Search code examples
pythonsyntax-errortokenize

How can I tokenize python source code that has a syntax error?


I'm trying to tokenize python source code with syntax errors to then give it as input into a statistical model (eg. a Recurring Neural Net).

However the built in tokenizer.py yields ErrorToken for the python code with syntax error.

This is the function I'm using:

def to_token_list(s: str) -> List:
    tokens = []  # list of tokens extracted from source code.

    g = tokenize.tokenize(BytesIO(s.encode("utf-8")).readline)

    for t in g:
        tokens.append(t)

    return tokens

Here is an example input - it is missing a closing bracket (objects are masked as ID):

syntax_error_source_code = "\ndef ID ID ):\n    if ID .ID :\n        ID .ID .ID ()\n"
to_token_list(syntax_error_source_code)

Error:

Exception has occurred: TokenError
('EOF in multi-line statement', (5, 0))

I could solve this error by wrapping the function in try-except but it won't solve it for errors that are intermediary as the next example.

Another example that fails the try-except:

syntax_error_source_code = '\ndef ID ():\n/    for ID ,ID in ID :\n        pass \n    for ID ,ID in ID :\n        pass \n'
to_token_list(syntax_error_source_code)

Error:

Exception has occurred: IndentationError
unindent does not match any outer indentation level (<tokenize>, line 5)
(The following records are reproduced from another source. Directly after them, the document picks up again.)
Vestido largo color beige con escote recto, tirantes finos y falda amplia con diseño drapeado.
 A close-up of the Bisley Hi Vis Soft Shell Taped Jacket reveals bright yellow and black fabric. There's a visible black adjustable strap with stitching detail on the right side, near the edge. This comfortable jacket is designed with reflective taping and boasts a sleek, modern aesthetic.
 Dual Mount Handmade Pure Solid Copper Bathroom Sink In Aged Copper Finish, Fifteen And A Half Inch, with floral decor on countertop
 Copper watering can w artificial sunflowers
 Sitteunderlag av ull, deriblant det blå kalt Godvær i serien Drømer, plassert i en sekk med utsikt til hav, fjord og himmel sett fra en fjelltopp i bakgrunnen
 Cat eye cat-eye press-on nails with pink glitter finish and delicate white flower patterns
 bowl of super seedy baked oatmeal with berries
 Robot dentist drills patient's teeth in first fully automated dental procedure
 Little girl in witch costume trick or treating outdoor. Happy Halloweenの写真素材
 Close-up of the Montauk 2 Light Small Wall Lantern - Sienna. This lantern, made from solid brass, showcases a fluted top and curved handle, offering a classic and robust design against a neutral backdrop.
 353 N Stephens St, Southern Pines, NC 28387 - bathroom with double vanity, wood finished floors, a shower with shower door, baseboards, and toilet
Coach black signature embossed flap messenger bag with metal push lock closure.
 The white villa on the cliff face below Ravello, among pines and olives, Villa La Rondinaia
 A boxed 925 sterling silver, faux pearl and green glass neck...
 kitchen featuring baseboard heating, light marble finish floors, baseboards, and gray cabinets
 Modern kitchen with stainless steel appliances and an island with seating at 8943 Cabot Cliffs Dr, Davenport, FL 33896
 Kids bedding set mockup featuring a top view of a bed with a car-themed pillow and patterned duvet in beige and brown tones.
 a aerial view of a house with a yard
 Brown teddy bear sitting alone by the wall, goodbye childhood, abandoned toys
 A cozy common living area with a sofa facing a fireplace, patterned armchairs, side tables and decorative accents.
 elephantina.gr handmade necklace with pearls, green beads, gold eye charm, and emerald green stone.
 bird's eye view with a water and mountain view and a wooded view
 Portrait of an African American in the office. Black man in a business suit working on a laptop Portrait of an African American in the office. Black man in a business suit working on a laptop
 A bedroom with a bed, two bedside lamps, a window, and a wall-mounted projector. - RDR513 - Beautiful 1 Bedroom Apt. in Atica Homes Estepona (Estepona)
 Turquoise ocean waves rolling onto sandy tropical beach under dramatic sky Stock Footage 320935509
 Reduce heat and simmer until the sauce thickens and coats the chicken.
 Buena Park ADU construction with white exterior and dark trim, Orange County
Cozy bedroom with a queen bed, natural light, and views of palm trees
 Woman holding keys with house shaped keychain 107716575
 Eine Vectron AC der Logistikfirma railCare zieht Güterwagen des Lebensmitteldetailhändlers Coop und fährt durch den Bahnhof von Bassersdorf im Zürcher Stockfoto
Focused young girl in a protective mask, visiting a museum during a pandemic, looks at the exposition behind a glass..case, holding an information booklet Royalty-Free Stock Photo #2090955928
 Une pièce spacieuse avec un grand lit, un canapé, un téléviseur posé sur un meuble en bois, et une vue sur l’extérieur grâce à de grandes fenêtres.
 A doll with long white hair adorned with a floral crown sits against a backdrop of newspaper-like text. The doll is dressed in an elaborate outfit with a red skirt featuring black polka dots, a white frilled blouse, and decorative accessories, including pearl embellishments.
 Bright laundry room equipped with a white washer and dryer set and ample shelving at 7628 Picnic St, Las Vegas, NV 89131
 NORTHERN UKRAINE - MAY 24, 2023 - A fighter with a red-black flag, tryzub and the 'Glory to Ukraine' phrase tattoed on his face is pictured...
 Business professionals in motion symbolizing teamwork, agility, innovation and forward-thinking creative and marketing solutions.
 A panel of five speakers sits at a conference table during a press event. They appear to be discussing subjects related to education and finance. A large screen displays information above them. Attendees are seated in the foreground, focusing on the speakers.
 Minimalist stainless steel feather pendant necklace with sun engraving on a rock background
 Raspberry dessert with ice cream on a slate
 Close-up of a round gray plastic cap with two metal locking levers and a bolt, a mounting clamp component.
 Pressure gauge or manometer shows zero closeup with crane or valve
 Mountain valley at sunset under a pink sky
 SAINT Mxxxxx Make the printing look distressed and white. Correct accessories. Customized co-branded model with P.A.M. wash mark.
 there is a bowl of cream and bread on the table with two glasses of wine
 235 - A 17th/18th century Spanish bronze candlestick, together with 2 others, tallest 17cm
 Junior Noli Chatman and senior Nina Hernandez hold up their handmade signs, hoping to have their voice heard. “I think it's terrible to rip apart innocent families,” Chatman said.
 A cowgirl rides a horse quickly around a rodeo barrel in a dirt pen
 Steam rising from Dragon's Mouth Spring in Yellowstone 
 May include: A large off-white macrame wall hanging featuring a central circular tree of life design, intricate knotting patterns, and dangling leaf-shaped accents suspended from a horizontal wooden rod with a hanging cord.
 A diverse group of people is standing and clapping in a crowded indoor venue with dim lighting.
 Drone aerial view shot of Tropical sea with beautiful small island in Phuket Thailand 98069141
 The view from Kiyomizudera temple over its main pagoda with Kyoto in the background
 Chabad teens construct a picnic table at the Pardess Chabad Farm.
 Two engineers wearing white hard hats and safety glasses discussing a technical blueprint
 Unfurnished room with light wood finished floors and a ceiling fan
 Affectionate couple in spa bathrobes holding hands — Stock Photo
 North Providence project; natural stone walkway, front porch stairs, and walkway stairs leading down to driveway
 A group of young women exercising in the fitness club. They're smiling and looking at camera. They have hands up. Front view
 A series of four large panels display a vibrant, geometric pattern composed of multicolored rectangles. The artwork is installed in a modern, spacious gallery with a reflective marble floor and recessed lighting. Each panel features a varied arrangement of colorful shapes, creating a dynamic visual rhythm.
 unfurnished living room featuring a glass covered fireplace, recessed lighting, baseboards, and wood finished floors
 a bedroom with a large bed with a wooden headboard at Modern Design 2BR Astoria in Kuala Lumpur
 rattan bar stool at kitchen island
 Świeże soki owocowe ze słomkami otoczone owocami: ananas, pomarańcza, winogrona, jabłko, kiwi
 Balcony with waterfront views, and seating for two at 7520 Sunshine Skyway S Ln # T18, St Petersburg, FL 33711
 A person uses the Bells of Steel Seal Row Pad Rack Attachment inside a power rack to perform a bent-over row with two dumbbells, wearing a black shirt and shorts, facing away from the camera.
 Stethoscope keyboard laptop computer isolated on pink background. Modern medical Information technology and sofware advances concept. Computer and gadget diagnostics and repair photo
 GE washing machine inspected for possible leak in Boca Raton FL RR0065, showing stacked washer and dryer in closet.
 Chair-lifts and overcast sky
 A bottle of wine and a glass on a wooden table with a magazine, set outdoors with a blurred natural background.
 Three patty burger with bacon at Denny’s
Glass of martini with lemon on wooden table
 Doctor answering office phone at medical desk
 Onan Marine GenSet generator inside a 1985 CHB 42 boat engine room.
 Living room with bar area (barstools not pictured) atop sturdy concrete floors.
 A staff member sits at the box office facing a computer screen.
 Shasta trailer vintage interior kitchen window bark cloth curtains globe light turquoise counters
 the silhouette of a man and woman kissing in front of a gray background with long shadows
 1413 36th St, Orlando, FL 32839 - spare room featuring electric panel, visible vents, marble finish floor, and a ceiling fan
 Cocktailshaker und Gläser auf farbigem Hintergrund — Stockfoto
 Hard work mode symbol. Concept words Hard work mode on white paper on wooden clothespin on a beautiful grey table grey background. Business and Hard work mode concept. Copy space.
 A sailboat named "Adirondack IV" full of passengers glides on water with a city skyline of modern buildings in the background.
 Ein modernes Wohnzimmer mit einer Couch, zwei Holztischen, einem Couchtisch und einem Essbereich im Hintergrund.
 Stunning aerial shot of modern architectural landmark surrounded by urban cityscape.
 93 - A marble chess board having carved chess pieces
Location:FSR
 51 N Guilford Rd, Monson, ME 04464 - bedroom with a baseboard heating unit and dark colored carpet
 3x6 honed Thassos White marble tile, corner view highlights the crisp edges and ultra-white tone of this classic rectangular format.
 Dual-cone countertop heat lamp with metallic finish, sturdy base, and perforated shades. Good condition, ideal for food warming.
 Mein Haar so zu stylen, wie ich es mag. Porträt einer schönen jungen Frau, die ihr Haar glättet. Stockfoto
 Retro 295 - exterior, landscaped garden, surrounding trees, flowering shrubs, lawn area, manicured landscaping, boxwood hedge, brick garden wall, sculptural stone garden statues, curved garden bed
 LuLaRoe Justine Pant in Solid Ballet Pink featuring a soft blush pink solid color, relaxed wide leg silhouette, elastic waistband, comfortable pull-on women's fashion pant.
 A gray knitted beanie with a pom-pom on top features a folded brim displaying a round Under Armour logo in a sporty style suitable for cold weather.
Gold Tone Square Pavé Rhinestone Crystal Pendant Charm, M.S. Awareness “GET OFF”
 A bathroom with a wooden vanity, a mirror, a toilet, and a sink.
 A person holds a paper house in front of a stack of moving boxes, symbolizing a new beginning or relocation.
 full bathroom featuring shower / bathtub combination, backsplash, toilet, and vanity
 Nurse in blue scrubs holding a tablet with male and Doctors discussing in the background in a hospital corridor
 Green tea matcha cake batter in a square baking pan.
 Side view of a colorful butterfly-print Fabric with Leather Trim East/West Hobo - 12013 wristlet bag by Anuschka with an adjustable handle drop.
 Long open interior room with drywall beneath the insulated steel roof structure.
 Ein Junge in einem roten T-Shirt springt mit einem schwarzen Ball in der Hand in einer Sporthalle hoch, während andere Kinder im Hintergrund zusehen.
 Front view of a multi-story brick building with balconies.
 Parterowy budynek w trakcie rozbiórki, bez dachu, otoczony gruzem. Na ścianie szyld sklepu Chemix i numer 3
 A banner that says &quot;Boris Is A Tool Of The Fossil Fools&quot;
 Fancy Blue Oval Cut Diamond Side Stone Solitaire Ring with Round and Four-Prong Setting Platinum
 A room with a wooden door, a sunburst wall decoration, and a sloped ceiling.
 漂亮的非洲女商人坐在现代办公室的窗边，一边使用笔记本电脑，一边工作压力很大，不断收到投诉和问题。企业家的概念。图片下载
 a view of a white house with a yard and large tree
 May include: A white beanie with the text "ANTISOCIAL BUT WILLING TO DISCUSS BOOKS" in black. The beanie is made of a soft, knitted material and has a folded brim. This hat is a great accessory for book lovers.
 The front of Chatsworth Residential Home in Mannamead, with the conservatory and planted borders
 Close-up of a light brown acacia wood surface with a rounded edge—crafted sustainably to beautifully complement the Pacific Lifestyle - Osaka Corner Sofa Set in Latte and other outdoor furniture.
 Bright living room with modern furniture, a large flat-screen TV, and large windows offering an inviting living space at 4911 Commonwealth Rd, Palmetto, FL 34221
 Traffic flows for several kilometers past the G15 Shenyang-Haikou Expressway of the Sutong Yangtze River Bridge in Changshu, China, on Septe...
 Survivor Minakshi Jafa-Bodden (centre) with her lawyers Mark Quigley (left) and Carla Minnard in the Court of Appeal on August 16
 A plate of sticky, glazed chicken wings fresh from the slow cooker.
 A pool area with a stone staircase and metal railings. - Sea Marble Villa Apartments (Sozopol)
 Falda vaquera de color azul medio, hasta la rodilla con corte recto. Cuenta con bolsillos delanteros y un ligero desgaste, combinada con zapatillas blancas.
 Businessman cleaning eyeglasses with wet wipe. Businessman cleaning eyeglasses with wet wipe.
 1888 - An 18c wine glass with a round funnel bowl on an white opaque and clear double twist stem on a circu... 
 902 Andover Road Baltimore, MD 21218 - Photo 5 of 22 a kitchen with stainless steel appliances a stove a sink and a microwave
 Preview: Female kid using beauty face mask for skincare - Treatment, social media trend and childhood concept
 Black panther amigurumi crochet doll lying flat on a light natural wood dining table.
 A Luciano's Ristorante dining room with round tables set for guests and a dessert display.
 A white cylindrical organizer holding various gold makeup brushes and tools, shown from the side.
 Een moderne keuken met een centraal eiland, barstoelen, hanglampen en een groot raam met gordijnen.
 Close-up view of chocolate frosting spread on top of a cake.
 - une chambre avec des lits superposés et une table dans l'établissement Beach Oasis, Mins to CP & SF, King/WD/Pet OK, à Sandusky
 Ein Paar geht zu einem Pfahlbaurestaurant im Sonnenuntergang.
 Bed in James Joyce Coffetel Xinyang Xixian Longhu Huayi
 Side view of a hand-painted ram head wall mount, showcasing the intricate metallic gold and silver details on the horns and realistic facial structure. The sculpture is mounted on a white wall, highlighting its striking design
I have found this discussion on the issue: https://bugs.python.org/issue12675

Is there a way to circumvent this?


Solution

  • I have found a solution to this problem from someone going through the same course

    Below is the relevant part.

    The tokenizer is:

    import tokenize
    import io
    
    def tokenizer(
            s: str, id: int, error_dict: dict
        ) -> List[tokenize.TokenInfo]:
        
        fp = io.StringIO(s)
        filter_types = [tokenize.ENCODING, tokenize.ENDMARKER, tokenize.ERRORTOKEN]
        tokens = []
        token_gen = tokenize.generate_tokens(fp.readline)
        while True:
            try:
                token = next(token_gen)
                if token.string and token.type not in filter_types:
                    tokens.append(token)
            except tokenize.TokenError:
                error_dict["TokenError"].append(id)
                break
            except StopIteration:
                break
            except IndentationError:
                error_dict["IndentationError"].append(id)
                continue
        return tokens
    

    Some clarification:

    • error_dict is a dictionary of errors that might pop up, eg.: {"TokenError": [], "IndentationError": []}

    • s is the source_code in string format that you want to tokenize

    • id is the id of the source_code in a larger database, if you are tokenizing multiple snippets/files.